--- Entries provided Enclosed Below ---
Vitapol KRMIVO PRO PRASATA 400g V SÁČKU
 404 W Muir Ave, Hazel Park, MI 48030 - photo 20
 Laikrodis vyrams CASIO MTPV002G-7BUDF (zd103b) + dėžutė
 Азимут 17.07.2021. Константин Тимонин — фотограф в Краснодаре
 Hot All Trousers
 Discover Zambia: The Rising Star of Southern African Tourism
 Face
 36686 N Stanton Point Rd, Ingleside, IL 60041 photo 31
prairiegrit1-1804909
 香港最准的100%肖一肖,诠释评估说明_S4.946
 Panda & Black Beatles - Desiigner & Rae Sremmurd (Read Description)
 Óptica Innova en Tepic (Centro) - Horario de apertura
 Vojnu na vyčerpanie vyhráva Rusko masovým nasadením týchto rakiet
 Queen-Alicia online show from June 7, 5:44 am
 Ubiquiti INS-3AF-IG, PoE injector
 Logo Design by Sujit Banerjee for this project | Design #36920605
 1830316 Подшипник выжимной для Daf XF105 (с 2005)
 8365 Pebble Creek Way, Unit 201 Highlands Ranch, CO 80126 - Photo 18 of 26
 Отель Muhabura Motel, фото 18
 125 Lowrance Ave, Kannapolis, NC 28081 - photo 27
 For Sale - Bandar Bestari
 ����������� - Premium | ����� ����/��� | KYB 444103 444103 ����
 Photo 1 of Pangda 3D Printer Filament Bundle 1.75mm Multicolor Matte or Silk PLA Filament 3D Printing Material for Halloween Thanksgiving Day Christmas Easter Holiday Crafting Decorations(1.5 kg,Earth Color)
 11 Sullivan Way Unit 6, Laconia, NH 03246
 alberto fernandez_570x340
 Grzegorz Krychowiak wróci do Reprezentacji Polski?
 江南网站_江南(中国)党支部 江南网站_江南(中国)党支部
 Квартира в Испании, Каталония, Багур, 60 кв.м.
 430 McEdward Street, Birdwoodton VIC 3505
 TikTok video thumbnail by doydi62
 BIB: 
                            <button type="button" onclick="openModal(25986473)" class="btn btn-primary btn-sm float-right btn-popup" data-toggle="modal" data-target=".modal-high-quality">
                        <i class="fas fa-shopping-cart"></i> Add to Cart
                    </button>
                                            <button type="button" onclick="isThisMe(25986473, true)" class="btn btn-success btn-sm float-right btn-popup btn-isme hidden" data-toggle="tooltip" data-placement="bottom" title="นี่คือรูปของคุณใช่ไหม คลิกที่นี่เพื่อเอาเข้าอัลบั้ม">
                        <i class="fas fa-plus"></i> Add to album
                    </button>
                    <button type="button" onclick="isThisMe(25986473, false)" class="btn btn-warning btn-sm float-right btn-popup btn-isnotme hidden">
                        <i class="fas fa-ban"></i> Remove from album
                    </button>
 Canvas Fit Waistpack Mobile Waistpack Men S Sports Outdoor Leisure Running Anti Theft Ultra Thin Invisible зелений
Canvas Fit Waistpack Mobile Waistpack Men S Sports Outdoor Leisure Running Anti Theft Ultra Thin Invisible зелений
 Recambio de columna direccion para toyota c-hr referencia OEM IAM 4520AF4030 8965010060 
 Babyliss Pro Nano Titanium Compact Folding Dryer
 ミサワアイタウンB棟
--- End of Enclosed Entries provided ---
• Instructions to follow
Return the data exactly, every line included.

• The answer
Vitapol KRMIVO PRO PRASATA 400g V SÁČKU
 404 W Muir Ave, Hazel Park, MI 48030 - photo 20
 Laikrodis vyrams CASIO MTPV002G-7BUDF (zd103b) + dėžutė
 Азимут 17.07.2021. Константин Тимонин — фотограф в Краснодаре
 Hot All Trousers
 Discover Zambia: The Rising Star of Southern African Tourism
 Face
 36686 N Stanton Point Rd, Ingleside, IL 60041 photo 31
prairiegrit1-1804909
 香港最准的100%肖一肖,诠释评估说明_S4.946
 Panda & Black Beatles - Desiigner & Rae Sremmurd (Read Description)
 Óptica Innova en Tepic (Centro) - Horario de apertura
 Vojnu na vyčerpanie vyhráva Rusko masovým nasadením týchto rakiet
 Queen-Alicia online show from June 7, 5:44 am
 Ubiquiti INS-3AF-IG, PoE injector
 Logo Design by Sujit Banerjee for this project | Design #36920605
 1830316 Подшипник выжимной для Daf XF105 (с 2005)
 8365 Pebble Creek Way, Unit 201 Highlands Ranch, CO 80126 - Photo 18 of 26
 Отель Muhabura Motel, фото 18
 125 Lowrance Ave, Kannapolis, NC 28081 - photo 27
 For Sale - Bandar Bestari
 ����������� - Premium | ����� ����/��� | KYB 444103 444103 ����
 Photo 1 of Pangda 3D Printer Filament Bundle 1.75mm Multicolor Matte or Silk PLA Filament 3D Printing Material for Halloween Thanksgiving Day Christmas Easter Holiday Crafting Decorations(1.5 kg,Earth Color)
 11 Sullivan Way Unit 6, Laconia, NH 03246
 alberto fernandez_570x340
 Grzegorz Krychowiak wróci do Reprezentacji Polski?
 江南网站_江南(中国)党支部 江南网站_江南(中国)党支部
 Квартира в Испании, Каталония, Багур, 60 кв.м.
 430 McEdward Street, Birdwoodton VIC 3505
 TikTok video thumbnail by doydi62
 BIB: 
                            <button type="button" onclick="openModal(25986473)" class="btn btn-primary btn-sm float-right btn-popup" data-toggle="modal" data-target=".modal-high-quality">
                        <i class="fas fa-shopping-cart"></i> Add to Cart
                    </button>
                                            <button type="button" onclick="isThisMe(25986473, true)" class="btn btn-success btn-sm float-right btn-popup btn-isme hidden" data-toggle="tooltip" data-placement="bottom" title="นี่คือรูปของคุณใช่ไหม คลิกที่นี่เพื่อเอาเข้าอัลบั้ม">
                        <i class="fas fa-plus"></i> Add to album
                    </button>
                    <button type="button" onclick="isThisMe(25986473, false)" class="btn btn-warning btn-sm float-right btn-popup btn-isnotme hidden">
                        <i class="fas fa-ban"></i> Remove from album
                    </button>
 Canvas Fit Waistpack Mobile Waistpack Men S Sports Outdoor Leisure Running Anti Theft Ultra Thin Invisible зелений
Canvas Fit Waistpack Mobile Waistpack Men S Sports Outdoor Leisure Running Anti Theft Ultra Thin Invisible зелений
 Recambio de columna direccion para toyota c-hr referencia OEM IAM 4520AF4030 8965010060 
 Babyliss Pro Nano Titanium Compact Folding Dryer
 ミサワアイタウンB棟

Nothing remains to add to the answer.